The parliamentary committee on personnel, public grievance, law and justice gave its views in a report published six months after the Central Information Commission (CIC) passed an order asking that political parties be brought under the RTI Act.
The committee said that declaring political parties public authorities under the RTI Act would hamper their smooth internal functioning. And there was a possibility that rival political parties may misuse the RTI Act, which would again affect their functioning, it added.
“The Right to Information (Amendment) Bill, 2013 seeks to amend the Right to Information Act, 2005 in order to nullify order of full Bench of Central Information Commission bringing six national political parties, INC (Indian National Congress), BJP (Bharatiya Janata Party), CPI-M (Communist Party of India Marxist), CPI (Communist Party of India), NCP (National Congress Party) and BSP (Bahujan Samaj Party) under the ambit of RTI Act by making liberal interpretation of the term public authority mentioned under the RTI Act,” said the report.
Backing up its stand, the report said the Attorney General of India had told the committee that political parties were foundations of democracy that needed to be protected from malicious and motivated application of the RTI.
The CIC had passed an order in June saying political parties are public authorities who should be answerable to citizens under the RTI Act. The order was interpreted as an attempt to bring political parties, especially the six national parties, under greater public scrutiny.
Political parties, under the orders of the CIC, would have to disclose their sources of funding as well as details of expenditure.
The CIC, a quasi-judicial body with the powers of a civil court, based its ruling on parties receiving substantial indirect funding from the Union government and having the character of public authorities under the RTI Act as they performed public functions.
But the standing committee report argued that political parties are registered and recognized under the Representation of People Act, 1951 and covered by provisions of the Representation of People Act, 1951 as well as the Income Tax Act of 1961, which deal with transparency in the financial aspects of political parties and its members.
“Political parties are not public authorities since they are neither established nor constituted by or under the Constitution or any other law made by Parliament,” the report said. All six national political parties, except the Communist Party of India (CPI), which were respondents to the CIC order, asserted that political parties are not public authorities with regard to the RTI Act.
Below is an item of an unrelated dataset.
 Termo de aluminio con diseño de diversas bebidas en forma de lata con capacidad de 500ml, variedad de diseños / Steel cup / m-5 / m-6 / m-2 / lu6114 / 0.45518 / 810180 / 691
Political experts following the development point out that since public money is spent on political parties, they should be come under the RTI Act.
“Political parties represent lawmakers. Even though they are not made under a law, they constitute lawmakers who are integral to the process of making law. So, they should come under the RTI Act. Since public money is spent on political parties, citizens have the right to get a view on the functioning of these political parties,” said Jai Mrug, a Mumbai-based political analyst.
Among the political parties that did not support the view of the committee and instead submitted a dissenting note were the CPI and Biju Janata Dal, who believe political parties are public authorities that should be brought under the RTI Act.